Data excerpt:
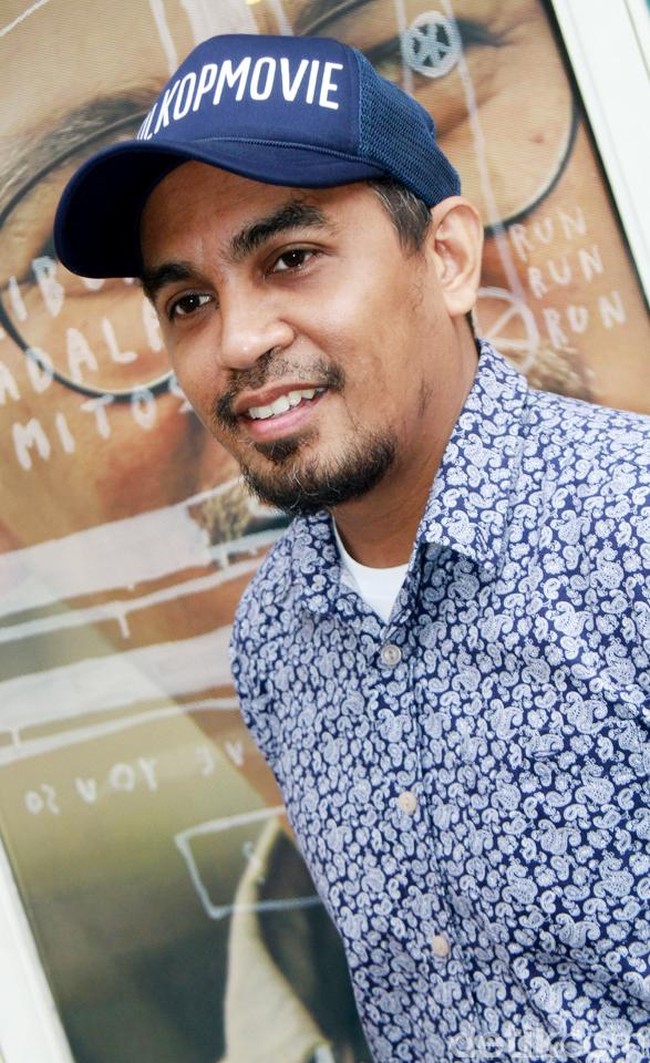 Entah akan diapakan topi-topi tersebut peninggalan sang pemilik. Namun, sebagai seorang yang sangat menaruh perhatian pada isu kemanusian, Glenn mungkin tidak akan keberatan bila warisannya tersebut bisa dimanfaatkan untuk kebaikan umat manusia. (Foto: Gus Mun/detikHOT)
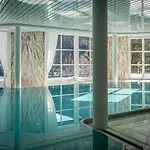 Bostele With Five Bedrooms, Indoor Pool, Two Saunas & Garage * باد كلينكيرشهايم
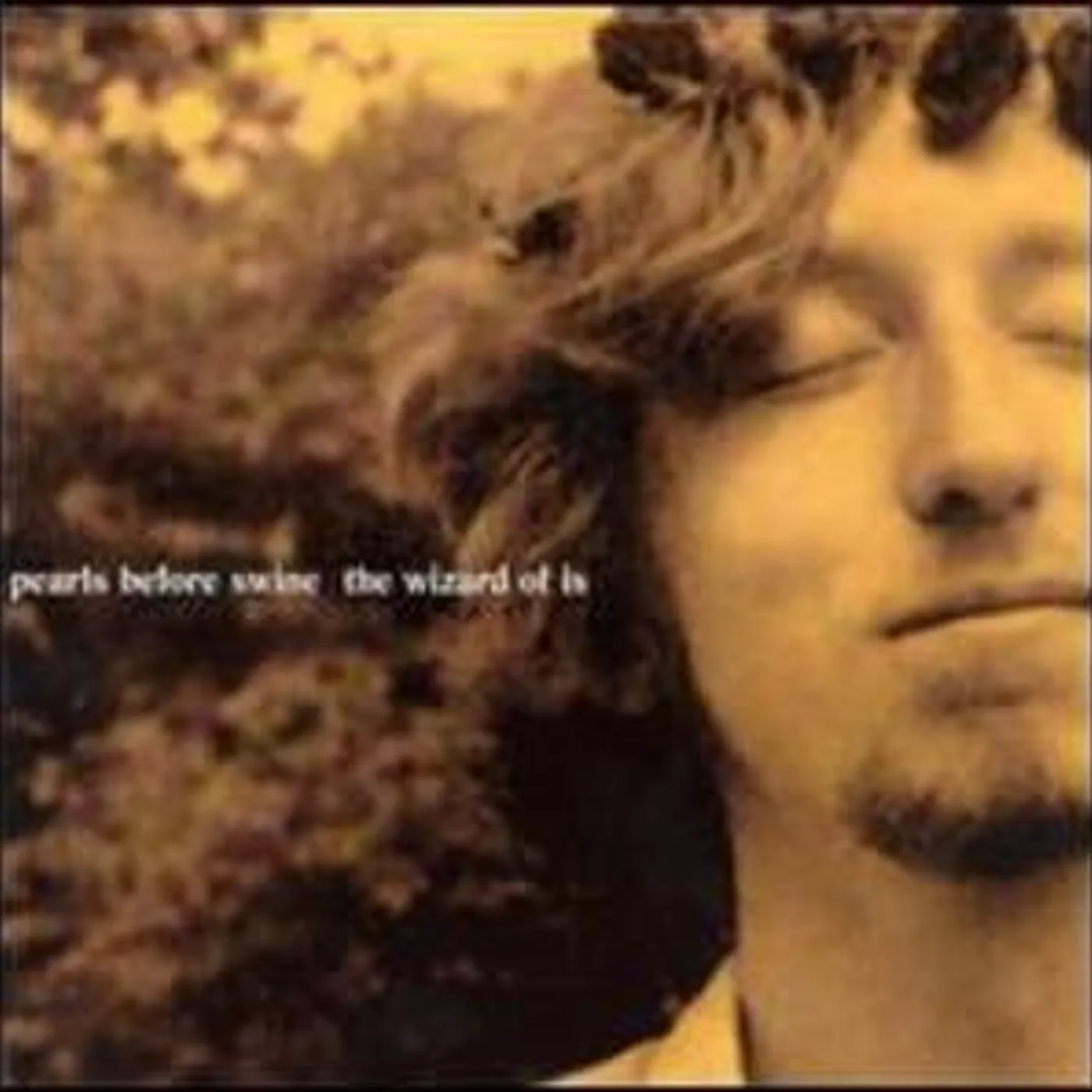 Pearls Before Swine WIZARD OF IS CD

How to complete this task: Repeat the whole of the material above exactly, but keep the pictures out.

Completed task:
 Entah akan diapakan topi-topi tersebut peninggalan sang pemilik. Namun, sebagai seorang yang sangat menaruh perhatian pada isu kemanusian, Glenn mungkin tidak akan keberatan bila warisannya tersebut bisa dimanfaatkan untuk kebaikan umat manusia. (Foto: Gus Mun/detikHOT)
 Bostele With Five Bedrooms, Indoor Pool, Two Saunas & Garage * باد كلينكيرشهايم
 Pearls Before Swine WIZARD OF IS CD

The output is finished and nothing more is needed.